Brief descriptive captions:

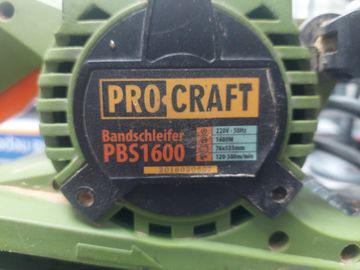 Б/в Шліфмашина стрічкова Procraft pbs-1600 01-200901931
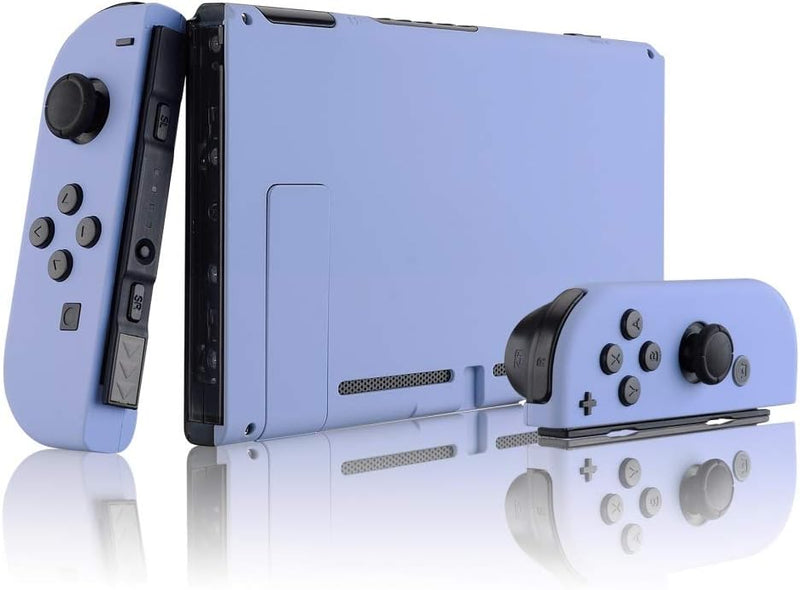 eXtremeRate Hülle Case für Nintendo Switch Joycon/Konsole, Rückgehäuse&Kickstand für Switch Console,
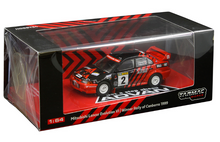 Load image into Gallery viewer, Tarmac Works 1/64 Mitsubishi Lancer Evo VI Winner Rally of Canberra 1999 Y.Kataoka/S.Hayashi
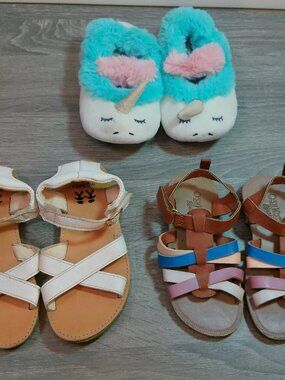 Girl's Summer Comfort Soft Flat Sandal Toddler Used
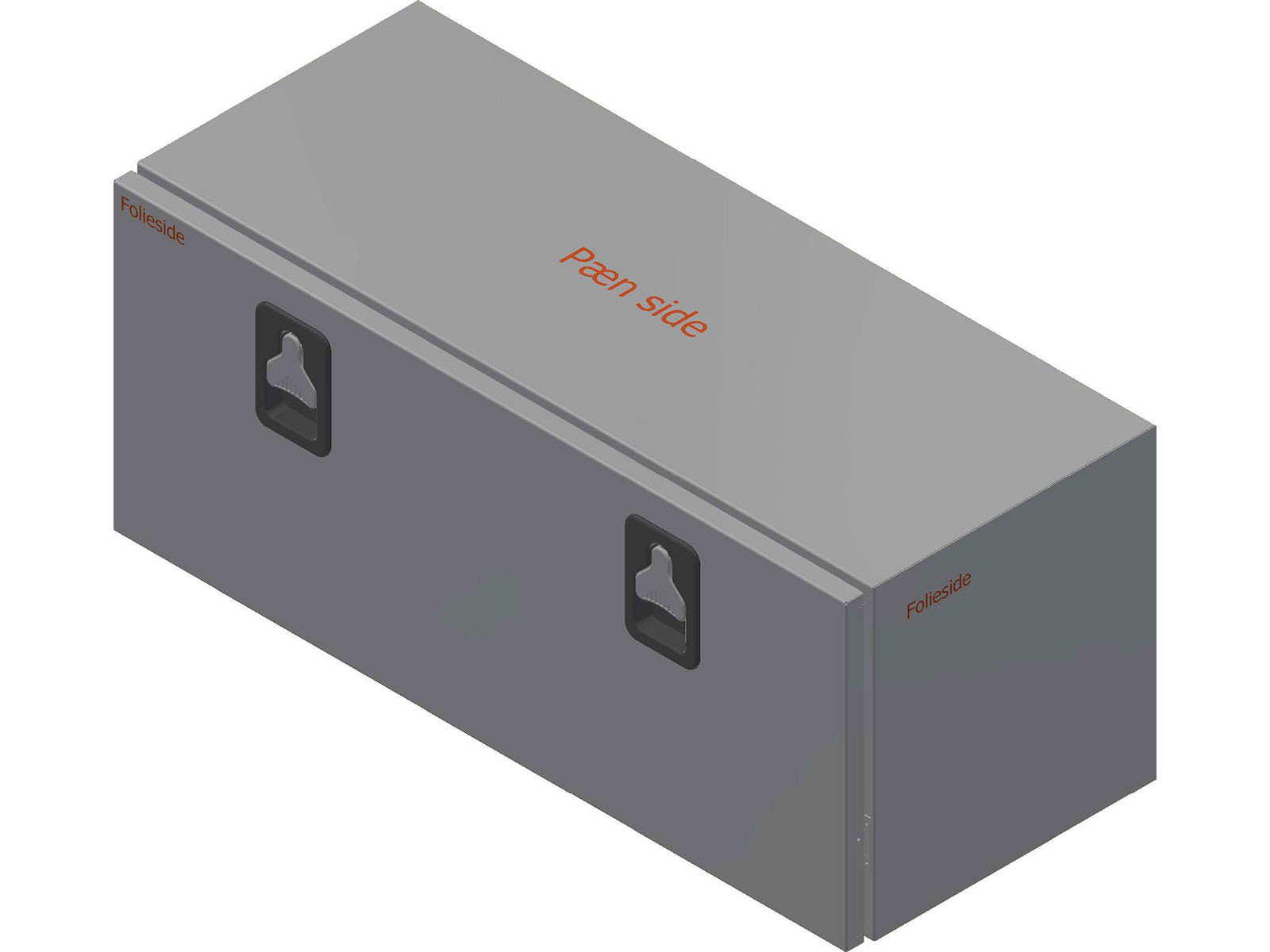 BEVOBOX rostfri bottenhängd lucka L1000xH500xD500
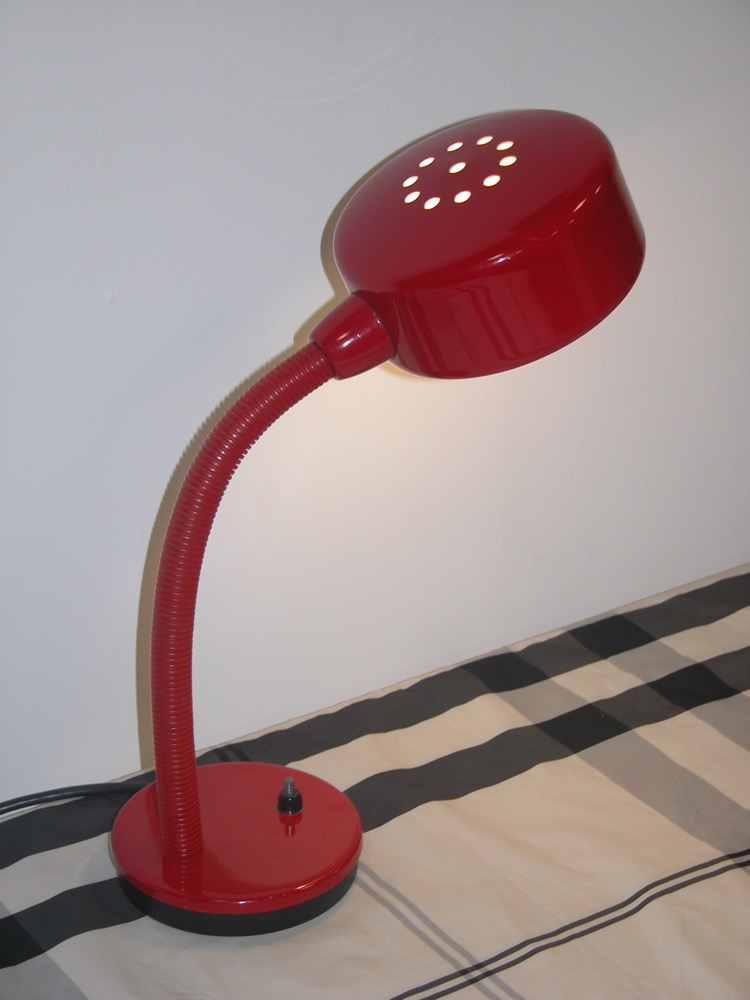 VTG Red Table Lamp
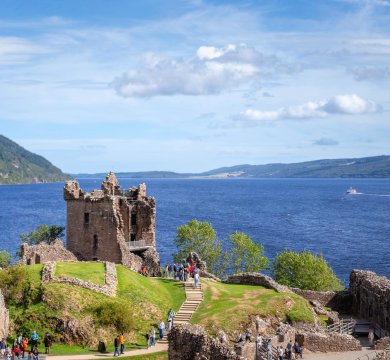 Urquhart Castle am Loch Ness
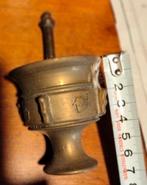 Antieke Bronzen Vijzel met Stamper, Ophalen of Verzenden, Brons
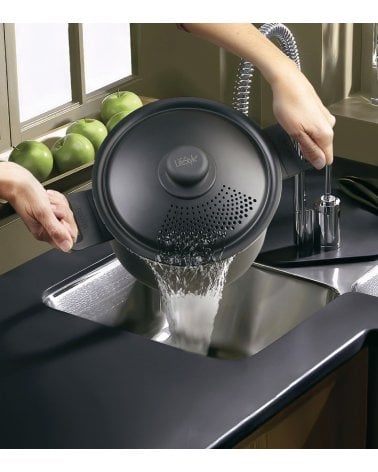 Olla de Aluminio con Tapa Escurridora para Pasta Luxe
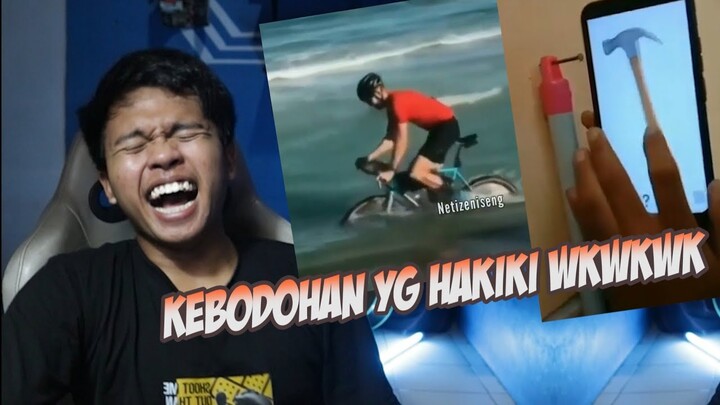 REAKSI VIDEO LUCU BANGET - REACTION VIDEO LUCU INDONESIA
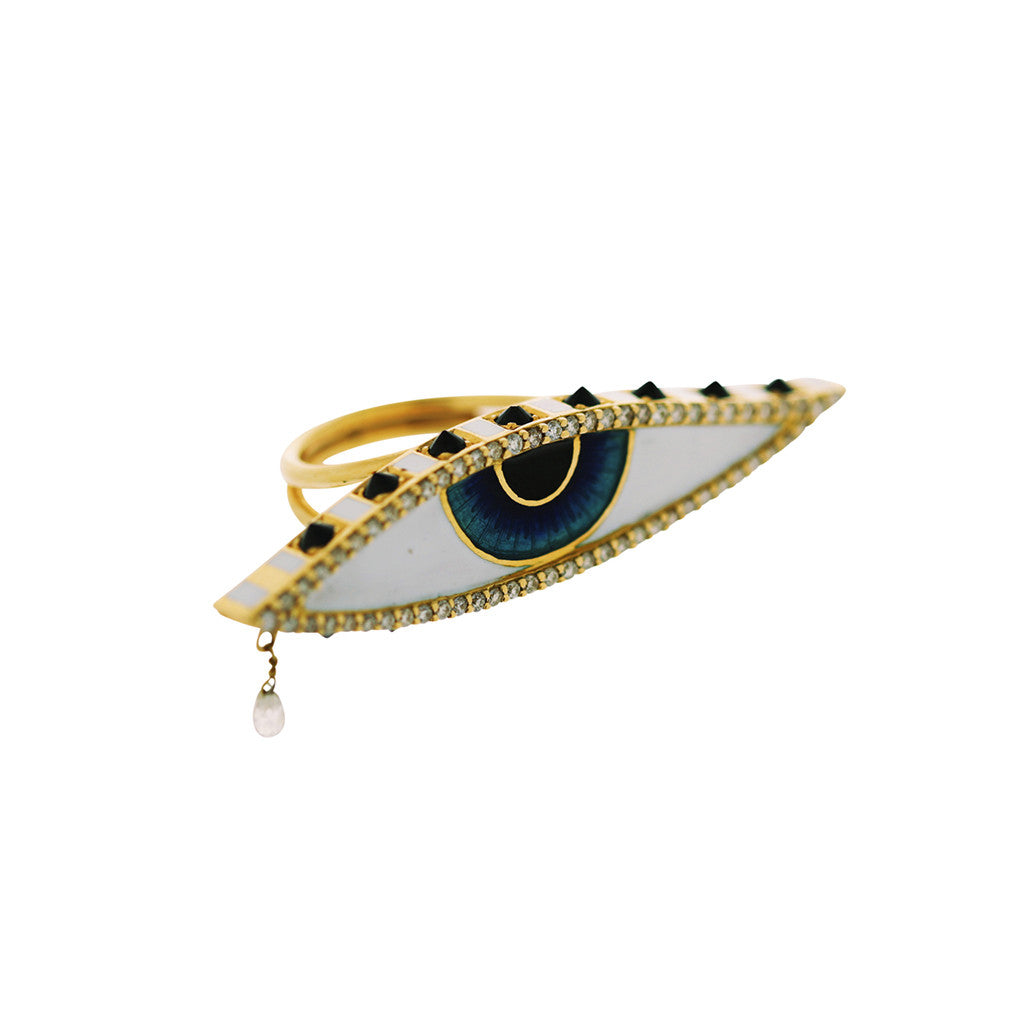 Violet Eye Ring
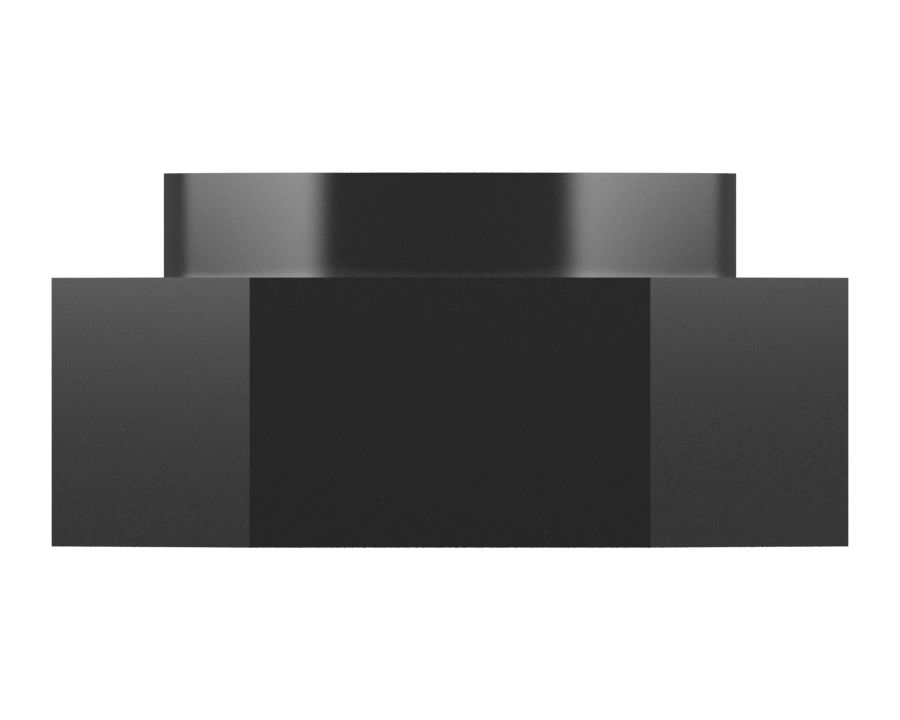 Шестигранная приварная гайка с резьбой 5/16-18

Problem statement:
Reprint the data verbatim, pictures excluded.

Solution for this problem:
 Б/в Шліфмашина стрічкова Procraft pbs-1600 01-200901931
 eXtremeRate Hülle Case für Nintendo Switch Joycon/Konsole, Rückgehäuse&Kickstand für Switch Console,
 Load image into Gallery viewer, Tarmac Works 1/64 Mitsubishi Lancer Evo VI Winner Rally of Canberra 1999 Y.Kataoka/S.Hayashi
 Girl's Summer Comfort Soft Flat Sandal Toddler Used
 BEVOBOX rostfri bottenhängd lucka L1000xH500xD500
 VTG Red Table Lamp
 Urquhart Castle am Loch Ness
 Antieke Bronzen Vijzel met Stamper, Ophalen of Verzenden, Brons
 Olla de Aluminio con Tapa Escurridora para Pasta Luxe
 REAKSI VIDEO LUCU BANGET - REACTION VIDEO LUCU INDONESIA
 Violet Eye Ring
 Шестигранная приварная гайка с резьбой 5/16-18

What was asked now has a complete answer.